John Sibley Williams
The Last Sunset
never mind the men who roam that myth /
horseback, fly-sheathed, defined by the lands
left to conquer, dirty / in the way of unmarried
pregnant women, how at the end of each rope
a body / all the wood it takes to make a cross
out of air / the part our grandfathers played in
breaking in the West // mind instead the sunset
forever splayed behind them, the moving into
before they called it progress / how all it takes
is a single star to read the sky // roughly drawn
paradise, without an altar
Truce
No wind no smoke no animals
The battlefield breathes freely tonight
The battlefield breathes freely tonight
beneath a bloodless moon & trees
too old to bind ropes to
The battlefield breathes freely tonight
beneath a bloodless moon & trees
too old to bind ropes to so bodiless
this sway may be beautiful again
We Carry Wildfires in Our Guts
The Carr Fire raging in Northern California is so large and hot that it is creating its own localized weather system
— CNN, July 31, 2018
As a fish market in summer.
As a church choking
on its own incense.
The air here is heavy
as a long line of men
churning like pistons
smoking whatever fits
between their lips waiting
for a bar to go neon at night.
As if our hands weren’t
always feeding furnaces.
As if we’re not living
in one of many discarded
rough drafts of heaven.
As if we ever believed
the sky breathable, lit
from above, that when
the clouds part briefly
something other than
tinder would fall.
John Sibley Williams is the author of As One Fire Consumes Another (Orison Poetry Prize, 2019), Skin Memory (Backwaters Prize, University of Nebraska Press, 2019), Disinheritance, and Controlled Hallucinations.
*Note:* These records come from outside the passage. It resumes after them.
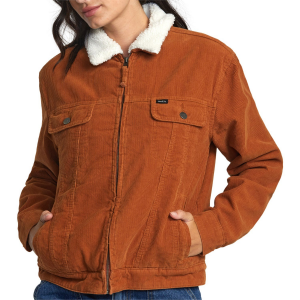Women's RVCA Tapped Jacket 2023 Orange size Medium | Cotton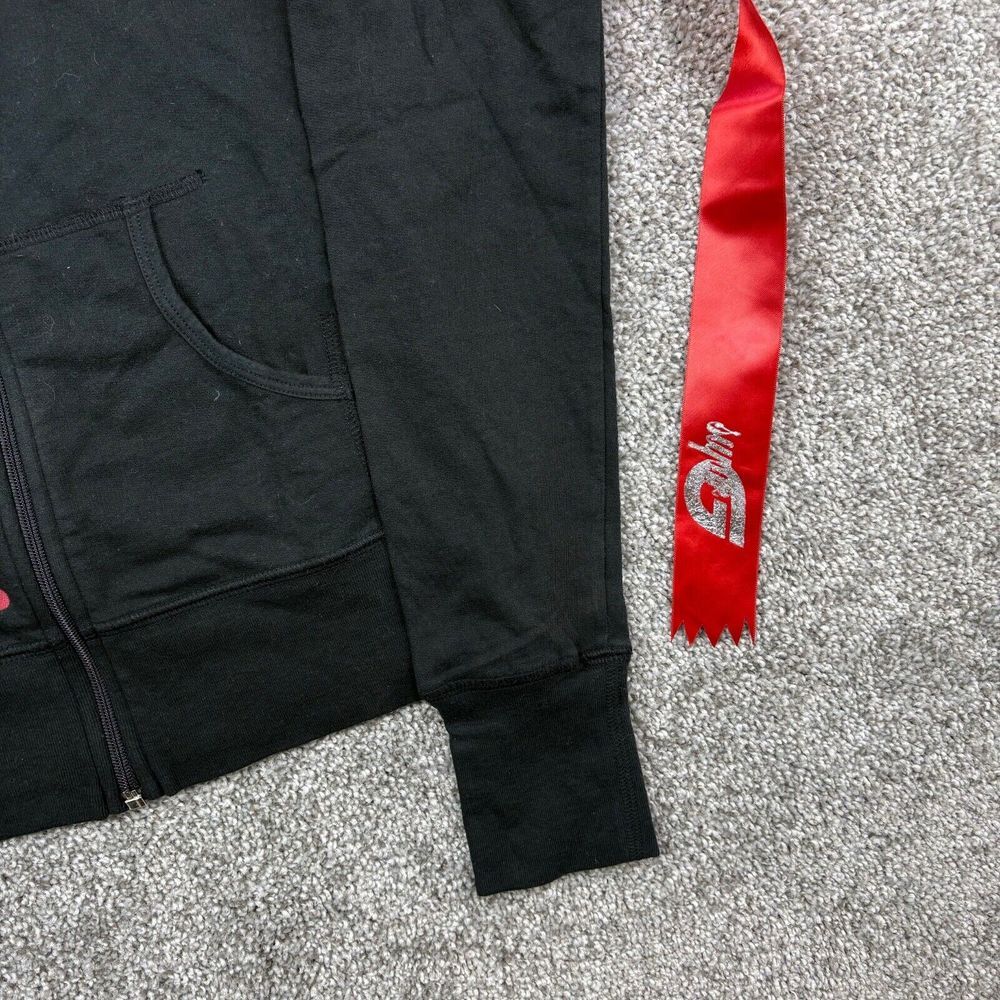 NWT Vintage Y2K Super G Hoodie Womens S Black Ready Action Hein Gericke Grunge - Picture 4 of 13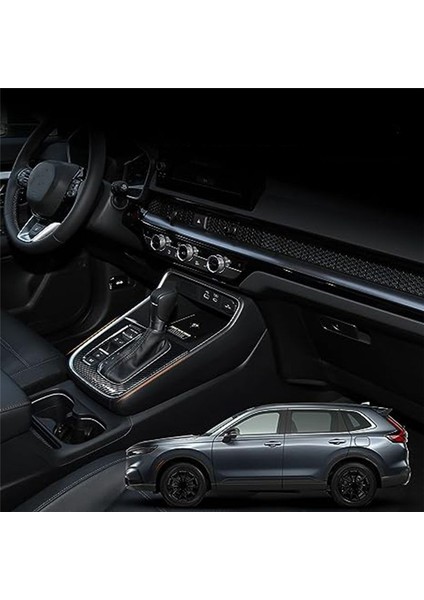 Otomatik Merkez Konsol Dişli Paneli Kapak Trim Dişli Vites Panel Çerçeve Araç Iç Dekorasyon Etiketi - Karbon Fiber Stili (Yurt Dışından) modelleri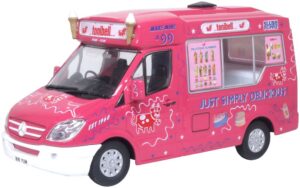 Oxford Diecast 43WM009 Mercedes Whitby Mondial Ice Cream Van Tonibell - 1:43 Scale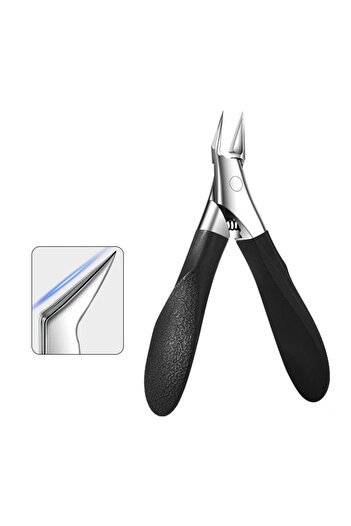 Choice black Exfoliating scissors Cuticle cutter Pedicure tool Nail clippers Nail clippers ingrown toenail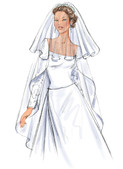 Butterick B4487 (Digital) | Bridal Veils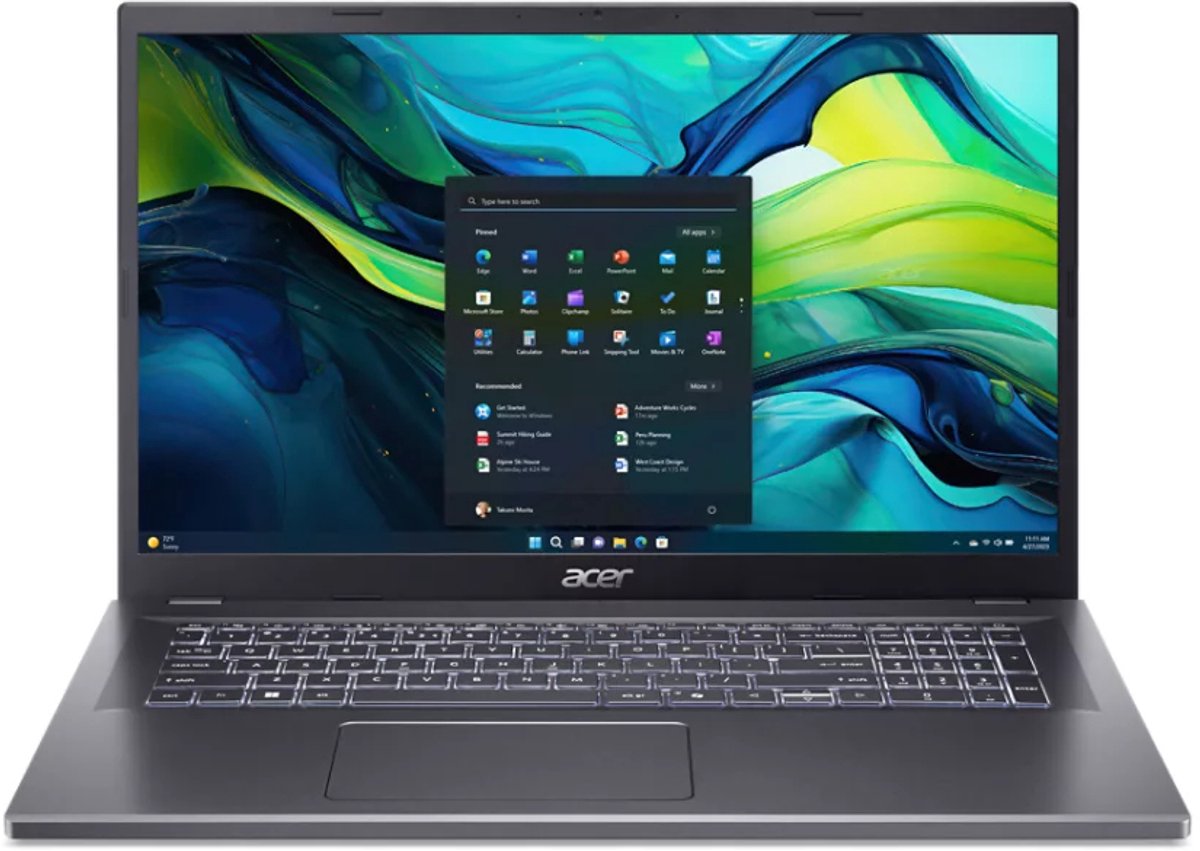 Acer Aspire 17 (A17-51M-51KF) - Int. (QWERTY) Keyboard (4711474667496)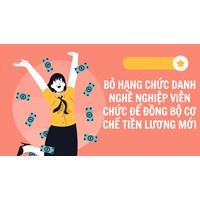 Năm 2024, bỏ hạng chức danh nghề nghiệp viên chức để đồng bộ cơ chế tiền lương mới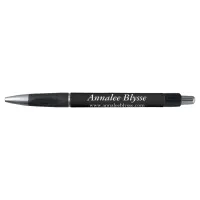 Black and White Promotional Author Pen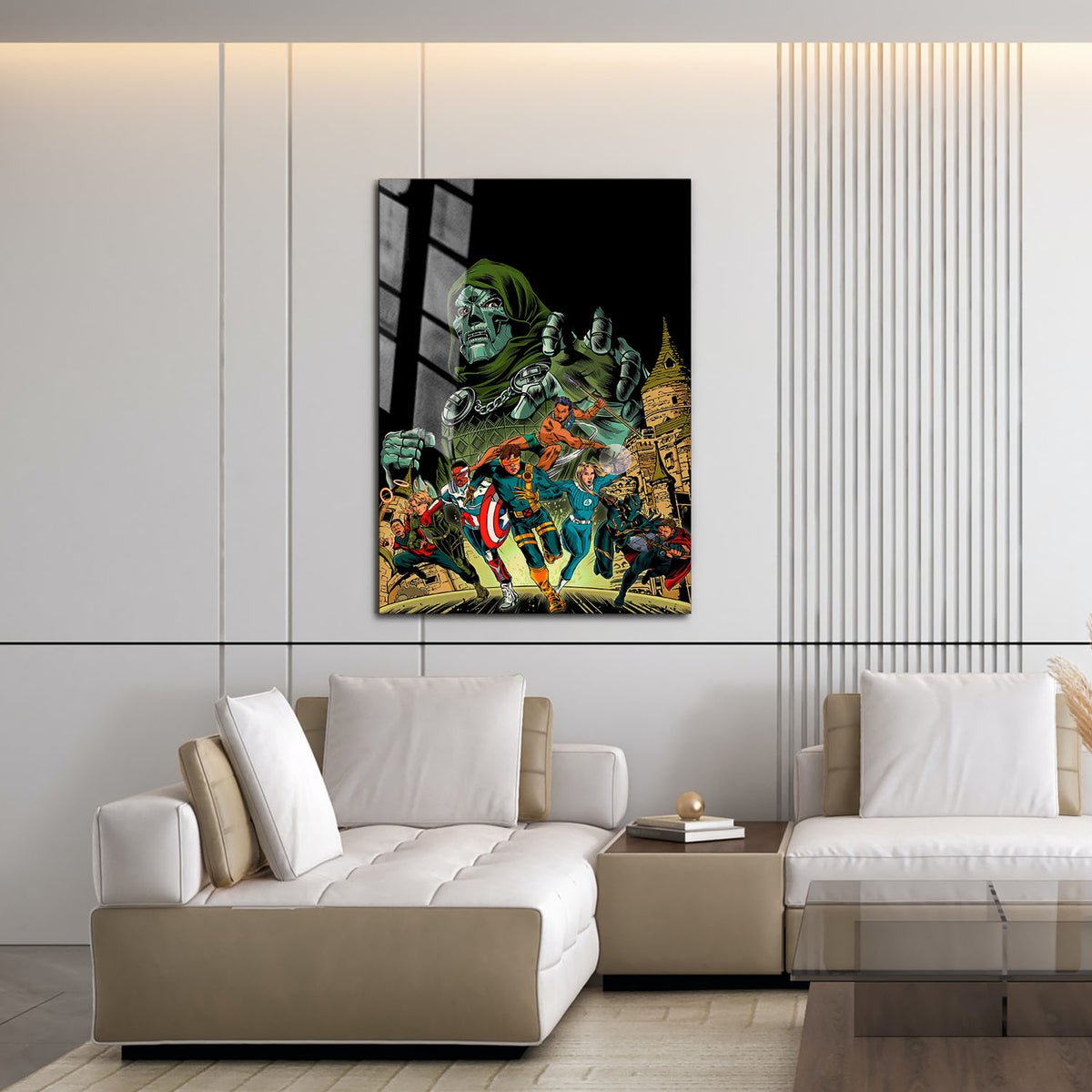 Flex Designs Metal Poster Avengers Doomsday Cartoon 16 x 24" Home Goods - Movie 2026 Movie Metal Poster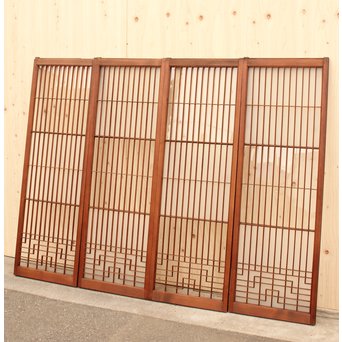 市松硝子書院　4枚1組　R1906 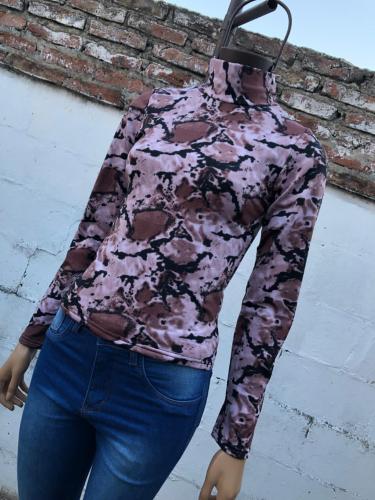 Polera Animal Print Frizado - Miniatura 7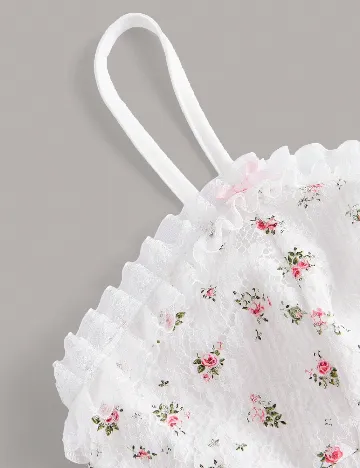 Top Romwe, floral print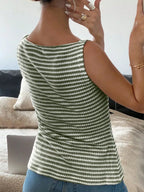 Button Down Striped Tank (4)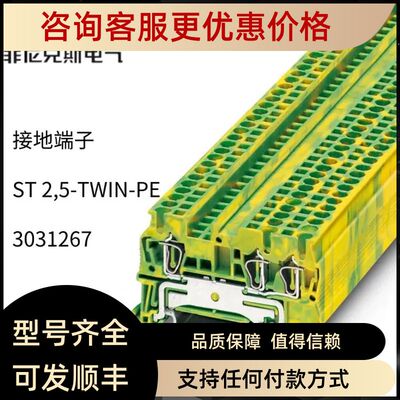 菲尼克斯 3031267-ST2.5-T-PE 直通试一进两
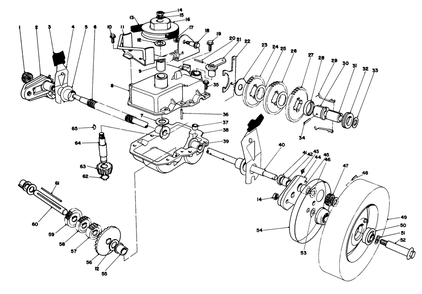Gear Case Assembly Diagram and Parts List for 20715 2000001 - 2999999 Toro Lawn Mower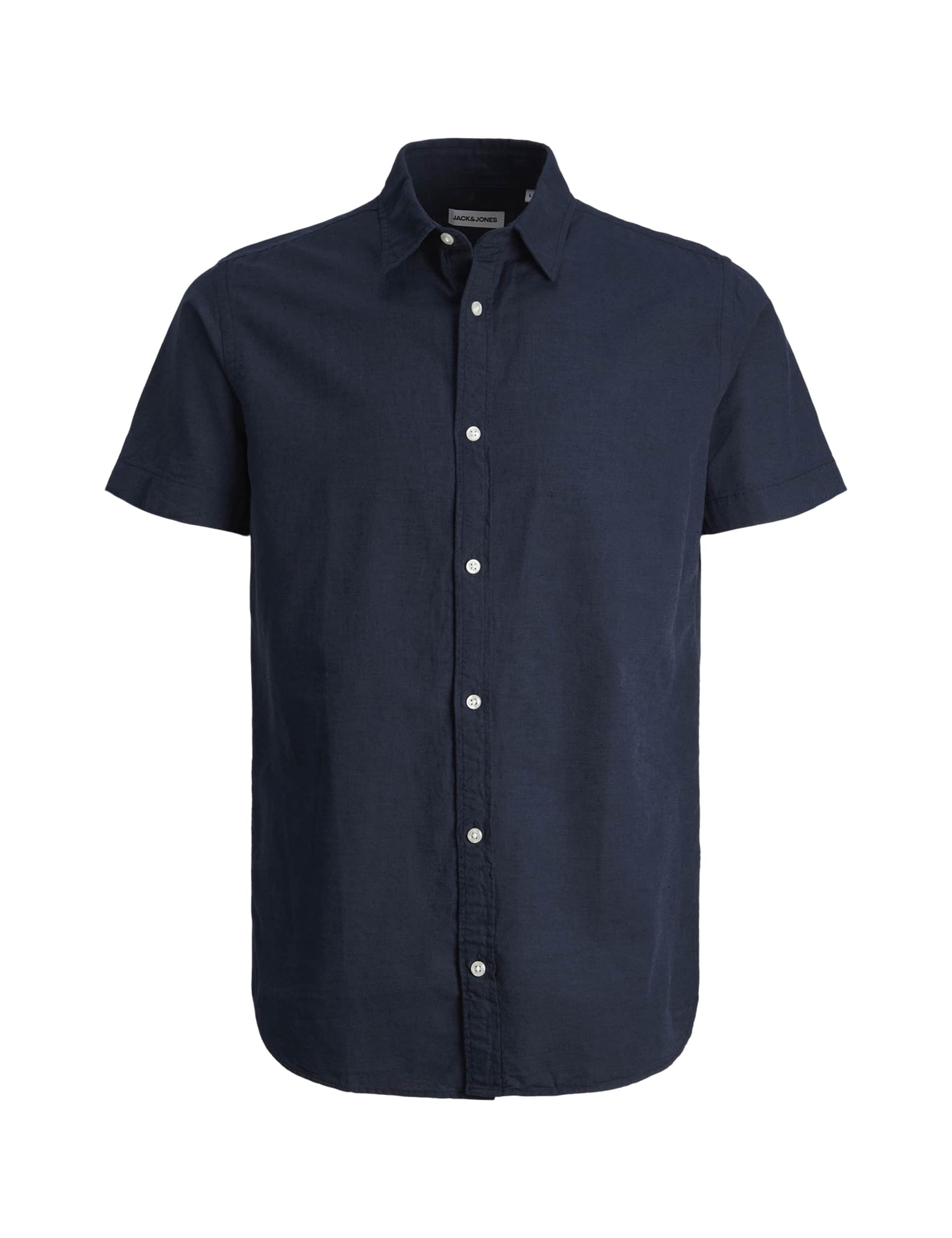 Jack & Jones Men's Cotton Linen Blend Oxford Shirt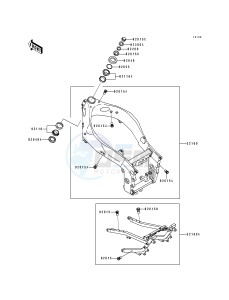 ZX 750 K [NINJA ZX-7R] (K1-K2) [NINJA ZX-7R] drawing FRAME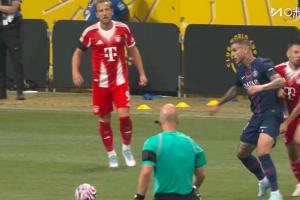 巴黎补时阶段再被罚下1人，卢卡斯肘击格雷罗，被直红罚下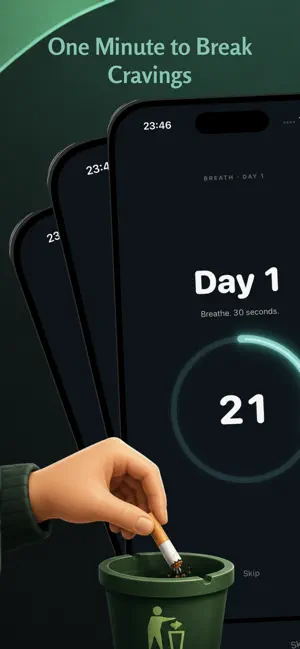 Tracker: Quit Smoking & Vaping screenshot 1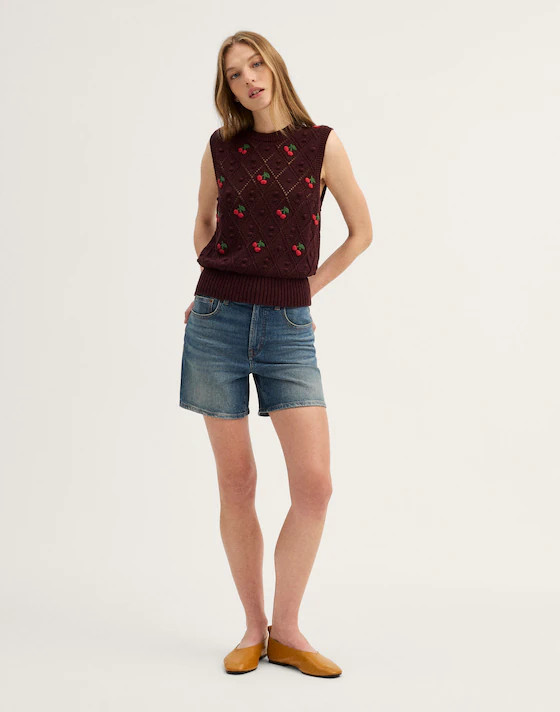 Bauble Pointelle-Stitch Sweater Vest | Madewell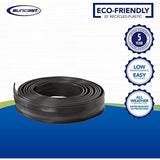 Suncast 20 ft. Plastic Landscape Edging Roll for Garden, Flower Beds, and Lawn, Black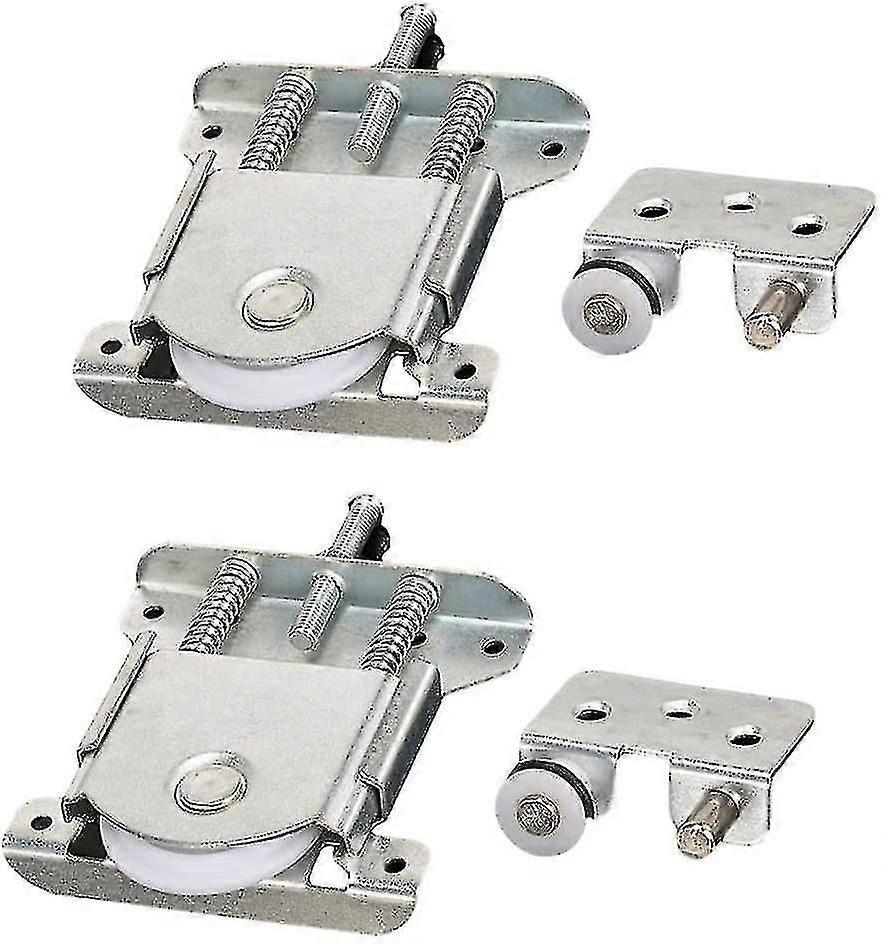 Set Of 2 Sliding Pieces For Wardrobe Door - Wheels - Wheels - Wheels - Rollers - Guides With Shock Absorber Pad - Load Capacity 20 Kg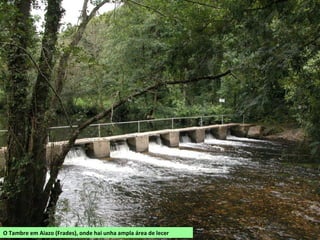 O Tambre em Aiazo (Frades), onde hai unha ampla área de lecer
 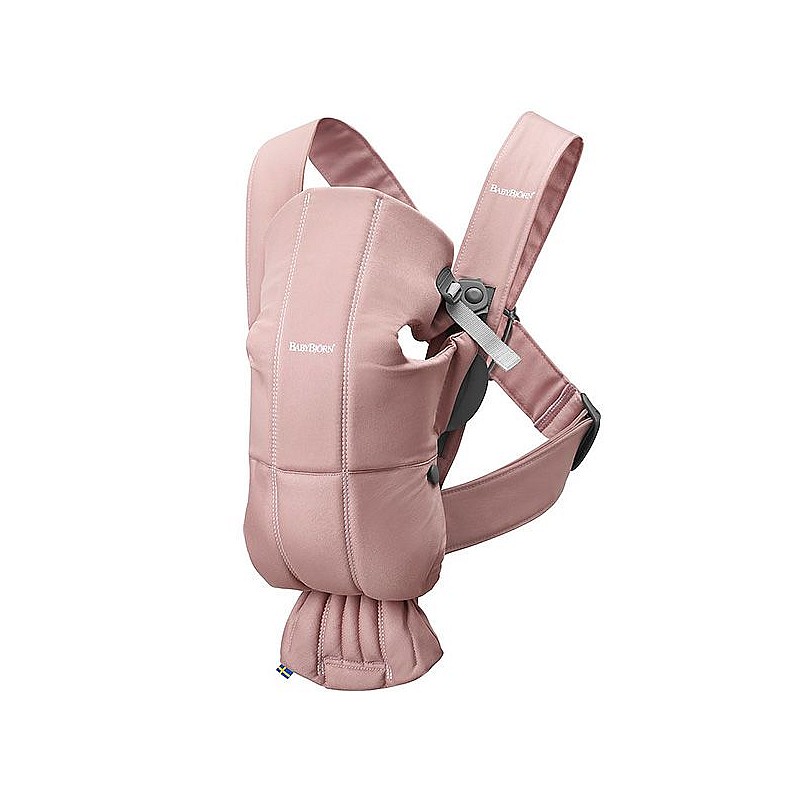 Ķengursoma BabyBjorn Baby Carrier Mini Old rose 021014 Cotton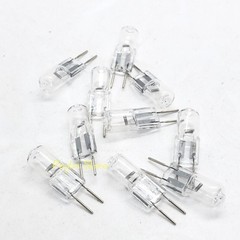 10Pcs Warm Yellow Small Bead 2-Pin Light Bulb G6.35 12V 20W 35W 50W 75W 100W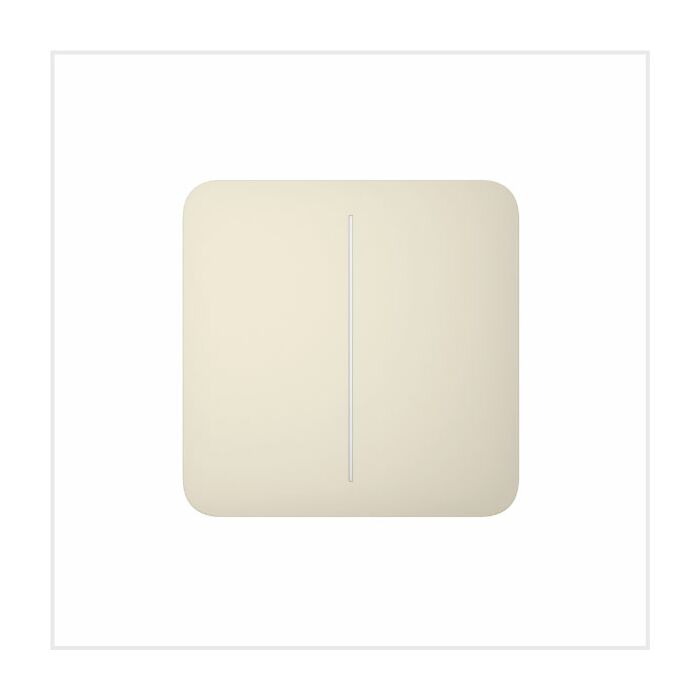 Ajax SoloButton 2-Gang 55 Ivory, 46018.144.IV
A nineteen-time Pushcart nominee, John is the winner of numerous awards, including the Wabash Prize for Poetry, Philip Booth Award, American Literary Review Poetry Contest, Phyllis Smart-Young Prize, Nancy D. Hargrove Editors’ Prize, Confrontation Poetry Prize, and Laux/Millar Prize. He serves as editor of The Inflectionist Review and works as a literary agent. Previous publishing credits include: The Yale Review, Midwest Quarterly, Southern Review, Sycamore Review, Prairie Schooner, The Massachusetts Review, Poet Lore, Saranac Review, Atlanta Review, TriQuarterly, Columbia Poetry Review, Mid-American Review, Poetry Northwest, Third Coast, and various anthologies. He lives in Portland, Oregon.